Who has the responsibility to get the product out the door?  Not the manager nor managers responsible for that.  Nope!  How about the folks who do the work?  Nobody’s closer. And rarely do we ask their opinion. That’s where I’d start. 
 
  • “Nobody Ever Listens to My Opinion.”
    If you have a manufacturing company, go out on the shop floor to the area where fabrication and assembly are getting done.  Tell them what’s happening.  Ask some questions. Trust me. Somebody will step up. And invariably, their answer will start out with “nobody ever listens to my opinion, but…” Then they will tell you about problems with a supplier’s material or sub-par sub-assemblies that purchasing or finance had brought in to save some money. And if you run a technology company, the same thing could be happening with newly outsourced program modules that have all kinds of bugs in them. Or if you have a services business, maybe it’s the new sub-contractor who was supposed to be working a minor part of the project that now has become major because it is, suddenly, woefully behind.
 
  • It’s All About Listening, Trust, and Authority.  Then Accountability Follows.
    Whatever the problem, it’s all about listening.  It takes a company to deliver a high-quality product, not just a couple of people. And you have to listen to all levels of input to continually deliver that quality.   Once you listen, you develop mutual trust.  Do you think with the examples noted above that the Owner or CEO would continue to allow the results they were getting?  No. To avoid those kinds of problems, they would create a periodic review process that hears input from all levels and then provides the team the authority to carry out whatever was necessary to continue to deliver on the quality proposition to customers.
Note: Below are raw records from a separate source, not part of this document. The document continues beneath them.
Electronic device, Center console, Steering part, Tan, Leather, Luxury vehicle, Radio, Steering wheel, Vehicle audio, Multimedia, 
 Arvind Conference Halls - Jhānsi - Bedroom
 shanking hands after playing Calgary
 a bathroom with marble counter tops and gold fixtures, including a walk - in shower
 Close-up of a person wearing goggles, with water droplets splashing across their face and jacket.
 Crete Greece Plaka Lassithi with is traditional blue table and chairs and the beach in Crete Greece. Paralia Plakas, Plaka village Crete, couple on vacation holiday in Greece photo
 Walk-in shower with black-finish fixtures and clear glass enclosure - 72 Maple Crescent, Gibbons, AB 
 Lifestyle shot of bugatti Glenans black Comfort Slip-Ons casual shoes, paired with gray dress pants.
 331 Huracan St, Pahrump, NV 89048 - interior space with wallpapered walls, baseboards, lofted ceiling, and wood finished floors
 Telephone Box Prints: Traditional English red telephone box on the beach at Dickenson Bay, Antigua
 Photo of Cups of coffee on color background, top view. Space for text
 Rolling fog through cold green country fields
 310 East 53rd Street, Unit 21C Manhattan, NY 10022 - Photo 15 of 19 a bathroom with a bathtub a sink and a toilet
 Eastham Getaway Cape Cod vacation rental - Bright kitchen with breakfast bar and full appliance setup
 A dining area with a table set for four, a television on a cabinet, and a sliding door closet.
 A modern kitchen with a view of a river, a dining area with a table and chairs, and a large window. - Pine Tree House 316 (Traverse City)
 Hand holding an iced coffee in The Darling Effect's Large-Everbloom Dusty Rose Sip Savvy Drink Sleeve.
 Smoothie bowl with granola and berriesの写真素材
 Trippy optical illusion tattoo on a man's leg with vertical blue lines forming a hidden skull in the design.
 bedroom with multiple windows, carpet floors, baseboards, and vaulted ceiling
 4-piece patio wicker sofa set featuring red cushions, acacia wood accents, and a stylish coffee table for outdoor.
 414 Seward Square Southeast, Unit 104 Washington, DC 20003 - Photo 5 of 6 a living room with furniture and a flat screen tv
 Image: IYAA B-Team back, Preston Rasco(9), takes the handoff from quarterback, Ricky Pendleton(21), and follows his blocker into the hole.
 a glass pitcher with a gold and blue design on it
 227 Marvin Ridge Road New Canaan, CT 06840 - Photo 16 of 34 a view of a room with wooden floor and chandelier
And, at a macro level, that’s how accountability begins.
 
  • Accountability Means Giving Them More Control Over Their Job.
    On an individual level, that means giving them more control over their job by better defining the responsibilities associated with it. Then giving them the authority and the autonomy to carry them out. They feel more in control and more apt to point out early in the process when there are new problems that crop up, saving time and money. Plus, they feel like they are making a direct contribution to the company’s bottom line.
 
  • Accountability Improves Employee Growth and Their Sense of Value.
    Their pride in their contribution creates stability for the business and helps them want to grow personally and professionally. For small companies, it’s hard to develop anything more than on-the-job training, but that doesn’t mean that’s the only training that’s available to them. Every industry has training programs through various trade groups that you should encourage employees to attend and reimburse them for any costs.  As an example, I’ve had programs in various companies I’ve run where we encouraged employees to further their education (obviously, in their particular profession). If they got an “A,” we would pay for the entire cost of the course; a “B,” half the cost. The long and the short of it is that they are growing and increasing their own sense of value to themselves and the business.
 
Problems are always going to crop up.  But if you can keep employees feeling like they are not only instrumental but essential to solving the problem and, in turn, the business’ continued success, you will have a more profitable, growing company with a team that is constantly wanting to make it and themselves better.
 
“The Entrepreneur’s Yoda” knows these things.  He’s been there.  May success be with you!